How to control coding agent costs with intelligent model routing

Intelligent model routing for coding agents sends each message in an agent session to the best model and reasoning level to maximize accuracy and minimize cost.

When done correctly, intelligent model routing cuts inference cost by 30%+ without lowering quality. On the other hand, when done incorrectly, naive model routing can degrade quality and increase costs.

This guide is written to help you approach model routing the right way. We’ve written this primarily for engineering and finance leaders looking for technical solutions to the coding agent cost problem that preserve both output quality and developer experience.

Coding agent cost curve

Why coding agent bills are so high

Across enterprise deployments, Anthropic now reports an average of $250 per developer per month on Claude Code, with the 90th percentile spending up to three times that. In our own work with enterprises, many are well past $1000 per developer per month, and the number keeps climbing.

The increase in coding agent inference spend is driven by three deeper trends: model prices continue rising, more capable models are enabling longer sessions with more parallel agent work, and enterprise adoption is still growing month over month.

Behind the growing bills is a specific set of factors that drive the majority of coding agent spend:

  1. Defaulting to the most powerful model for every task
  2. Using small models for tasks they can’t solve efficiently or correctly
  3. Misconfiguring the reasoning effort for a given task
  4. High subagent utilization, fan-out, and dynamic workflows
  5. KV cache misses and expirations

Understanding how these factors relate to each other is critical to building an effective cost management solution for coding agents.
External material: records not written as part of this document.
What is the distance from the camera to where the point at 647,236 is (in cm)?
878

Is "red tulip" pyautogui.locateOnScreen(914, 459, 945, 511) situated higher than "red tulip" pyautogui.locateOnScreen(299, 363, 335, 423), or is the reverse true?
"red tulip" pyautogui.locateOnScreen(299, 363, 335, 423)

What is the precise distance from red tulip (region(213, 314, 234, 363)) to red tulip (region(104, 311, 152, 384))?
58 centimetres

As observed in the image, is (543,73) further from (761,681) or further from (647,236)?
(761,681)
Model routing can help us optimize points 1-4. However, it’s important that model routing solutions also take into account point 5, otherwise they will almost certainly be ineffective or even counterproductive.
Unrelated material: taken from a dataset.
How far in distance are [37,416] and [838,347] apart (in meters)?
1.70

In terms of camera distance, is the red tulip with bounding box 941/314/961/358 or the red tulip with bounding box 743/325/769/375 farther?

Why complexity and semantic classifiers don’t work

The simplest version of a model router relies on either a complexity classifier or a semantic classifier that sorts prompts into various buckets and assigns model targets to each bucket. Unfortunately, this approach fails to take into account various dimensions that affect routing outcomes in non trivial ways.

Data > heuristics

While classifier-based routers can be fully data-driven, they often rely on manual heuristics to route prompts to specific model assignments. In many ways this simply shifts the burden of manual model selection away from the user and to the opaque opinions of the router designer who is far from the front line. It also requires constant updates to the classifier architecture as the salient classes shift with the model landscape.

Managing the KV cache

KV caching is a central cost lever in long agent sessions. The KV cache is the mechanism that allows providers to re-ingest previous messages in the session at a much lower cost, typically at a 90% discount. However, these savings are constrained to a single model. If a developer is deep into a long session and a router sends the next turn to a "cheaper" model, you may still end up paying more money because the new model has to rewrite the entire cache. A router that is not cache-aware will typically end up costing you more money in agentic settings for this reason.

Long horizons

The consequences of a model choice are not bound to a single turn. Instead, they shape all future turns with respect to both cost and quality. A mid-session switch can change the probability of success on the next steps, and in some cases it can cause downstream issues or cache lock-in on a specific model that outweighs the savings it seemed to initially offer. Routing must be considered across the entire trajectory, not simply on the current call. Classifier-based routers, by taking into account only the state of the current turn, fail this condition.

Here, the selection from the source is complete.